[Items from a data source]

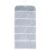 Double-side Wardrobe Hanging Storage Bag Folding Multi-layer Organizer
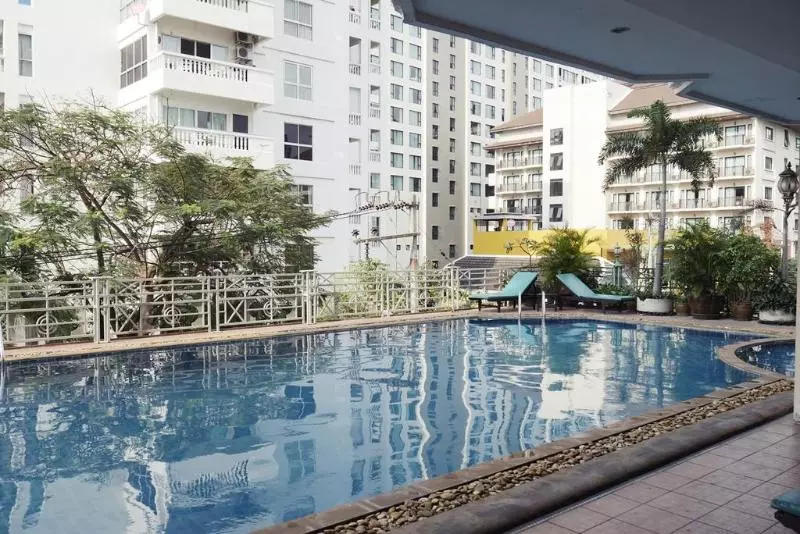 Fotos del hotel Mike Beach Resort:  24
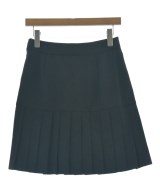 Vivienne Westwood RED LABEL（ヴィヴィアンウエストウッドレッドレーベル）ミニスカート 黒 サイズ:2(M位) レディース/2200697886026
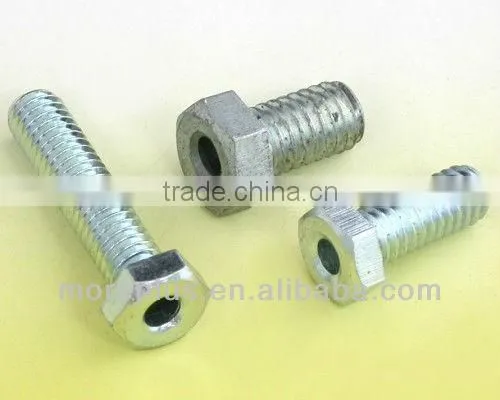 Made in Taiwan Steel, Stainless Steel, Copper Standard or Non-Standard Hexagon head cap screws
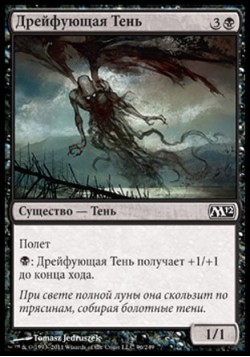 Дрейфующая Тень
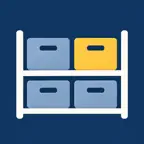 BoxRecall: Storage Inventory iOS Icon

• Exercise goal:
Repeat all entries exactly. Skip the pictures.

• Result for this task:
 Double-side Wardrobe Hanging Storage Bag Folding Multi-layer Organizer
 Fotos del hotel Mike Beach Resort:  24
 Vivienne Westwood RED LABEL（ヴィヴィアンウエストウッドレッドレーベル）ミニスカート 黒 サイズ:2(M位) レディース/2200697886026
 Made in Taiwan Steel, Stainless Steel, Copper Standard or Non-Standard Hexagon head cap screws
 Дрейфующая Тень
 BoxRecall: Storage Inventory iOS Icon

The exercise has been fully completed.